Many enterprises jumped headfirst into a cloud-first strategy, and some have corporate mandates to close on-prem data centers and migrate to the cloud.

So why are some companies moving workloads back to on-prem, or “repatriating” workloads?

The answer: Cost control.

The Cost of Cloud Infrastructure

Early on, the long-term cost implications of the cloud were not well understood. The cloud’s pay-as-you-go service model was attractive and cost savings highlighted as a key benefit. But the industry lacked publicly available cloud reference implementations and costs.  As some companies found out the hard way, it’s easy for cloud infrastructure bills to creep up over time if not monitoring and optimizing infrastructure. In some cases, the long-term cost of cloud is more expensive than on-prem data centers.

One pitfall to avoid when managing cloud costs is the overprovisioning of cloud resources. In public cloud architecture, properties like compute power, memory, network bandwidth, capacity and performance are often tied together. For workloads requiring fast performance, teams can end up overprovisioning on unnecessary capacity and compute to hit service levels.

The cloud is a wonderful thing because you can scale up with the push of a button. But you need to be careful to optimize infrastructure and turn off unused resources.

Studies on Cloud Repatriation

There have been several studies on cloud repatriation. It’s estimated that bringing workloads back on-prem can save companies 1/3 to 1/2 of their costs.

But it’s not always a good idea for a company to reverse path and repatriate workloads. The company already invested significant time and effort moving data and applications to the cloud. It’s much wiser to spend time optimizing workloads and reduce waste. Plus, the cloud is delivering on its promise of agility. Teams are freed up to focus on development.

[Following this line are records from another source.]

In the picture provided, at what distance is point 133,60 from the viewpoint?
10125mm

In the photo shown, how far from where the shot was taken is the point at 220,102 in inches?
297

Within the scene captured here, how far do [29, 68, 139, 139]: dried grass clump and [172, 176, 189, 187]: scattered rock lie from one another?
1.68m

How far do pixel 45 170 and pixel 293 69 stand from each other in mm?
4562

How Silk Optimizes Workloads on the Cloud

Resource-intensive workloads cause the most financial “pain” in the cloud.

Silk optimizes even your most demanding databases and workloads, so you can proceed confidently and avoid the prospect of repatriation.

The Silk Platform is designed to deliver full data mobility, ultra-fast performance, and smart cloud resource allocation. It’s a data layer that sits invisibly between your databases and cloud infrastructure to connect your data sources together and serve data across on-prem and cloud environments, including Azure, AWS, and GCP. Connect your databases to Silk and your data is ready to go. There’s no need to migrate to a new cloud database or refactor applications to achieve fast performance, all while keeping your cloud bills in check.

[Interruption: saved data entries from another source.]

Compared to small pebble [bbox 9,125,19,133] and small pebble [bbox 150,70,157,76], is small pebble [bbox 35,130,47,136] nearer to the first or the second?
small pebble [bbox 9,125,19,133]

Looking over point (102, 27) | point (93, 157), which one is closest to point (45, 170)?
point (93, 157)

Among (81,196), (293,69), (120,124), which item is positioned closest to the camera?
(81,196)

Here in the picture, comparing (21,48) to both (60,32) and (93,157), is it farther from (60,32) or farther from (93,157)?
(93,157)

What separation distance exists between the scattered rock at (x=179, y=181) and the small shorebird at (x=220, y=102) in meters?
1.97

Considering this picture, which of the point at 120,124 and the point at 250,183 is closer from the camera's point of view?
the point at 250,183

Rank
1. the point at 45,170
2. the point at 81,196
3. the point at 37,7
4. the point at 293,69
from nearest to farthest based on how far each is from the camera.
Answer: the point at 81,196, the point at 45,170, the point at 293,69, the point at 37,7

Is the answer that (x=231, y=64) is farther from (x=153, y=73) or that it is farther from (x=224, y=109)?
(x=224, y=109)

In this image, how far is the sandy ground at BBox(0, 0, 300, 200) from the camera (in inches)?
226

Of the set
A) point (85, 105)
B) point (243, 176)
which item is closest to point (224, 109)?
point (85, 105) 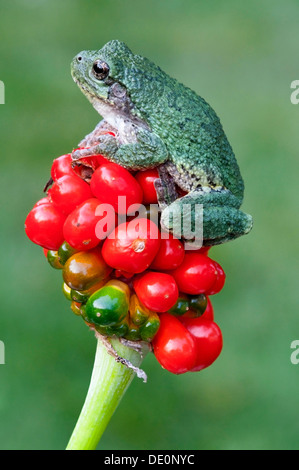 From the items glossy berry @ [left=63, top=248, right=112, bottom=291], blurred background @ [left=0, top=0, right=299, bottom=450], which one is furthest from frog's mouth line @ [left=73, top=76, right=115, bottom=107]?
blurred background @ [left=0, top=0, right=299, bottom=450]

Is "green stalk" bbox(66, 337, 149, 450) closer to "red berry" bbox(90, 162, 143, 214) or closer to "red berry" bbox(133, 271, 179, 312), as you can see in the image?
"red berry" bbox(133, 271, 179, 312)

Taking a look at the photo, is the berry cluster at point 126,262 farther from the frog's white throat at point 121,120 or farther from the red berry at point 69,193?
the frog's white throat at point 121,120

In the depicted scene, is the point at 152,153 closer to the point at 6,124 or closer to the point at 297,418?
the point at 297,418

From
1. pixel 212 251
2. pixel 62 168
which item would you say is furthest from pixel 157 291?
pixel 212 251

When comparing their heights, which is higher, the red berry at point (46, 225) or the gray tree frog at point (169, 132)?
the gray tree frog at point (169, 132)

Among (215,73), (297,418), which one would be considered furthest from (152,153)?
(215,73)

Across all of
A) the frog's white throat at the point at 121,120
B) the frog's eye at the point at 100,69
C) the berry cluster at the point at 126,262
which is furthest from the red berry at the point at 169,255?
the frog's eye at the point at 100,69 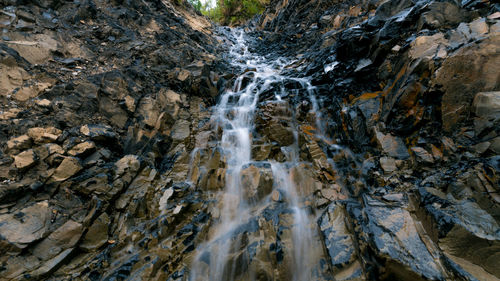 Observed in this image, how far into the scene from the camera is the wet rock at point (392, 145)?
13.1 ft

Below are the top 5 cloud infrastructure benefits of using Silk:

  1. Superior database performance. The Silk Platform provides 10x faster performance than what you can achieve on native cloud infrastructure alone. Silk’s 2-tier architecture ensures ultra-fast performance without overprovisioning cloud capacity. This results in faster reporting and analytics, SLAs met, and a better customer experience.
  2. Performance elasticity on demand. With the Silk Platform, you can dynamically and non-disruptively add nodes to increase performance. It’s possible to adjust many times per day. Need to plan for an upcoming sales season with 10x your usual number of customers? Simple: add more nodes. Finished? Scale back down.
  3. Always-on availability. The Silk Platform provides data resiliency across zones, regions, and clouds, so your databases are always on and working for you. Mission-critical operations will not be disrupted if a cloud provider gets hit by a sudden outage.
  4. Enterprise data services. The Silk Platform has built-in data services for thin provisioning, inline data compression, and zero-footprint clones. DBAs and developers love these features. Keep your data footprint in check while creating unlimited clones for dev/test environments and analytics that have no impact on capacity or performance.
  5. Cloud cost optimization. The Silk Platform delivers unparalleled performance without needing to overprovision cloud capacity, saving you up to 30% on your cloud bills. Additionally, if you’re using Oracle or Microsoft SQL Server databases, Silk reduces your exposure to database licensing costs, as it cuts down on the number of CPU cores needed for operation.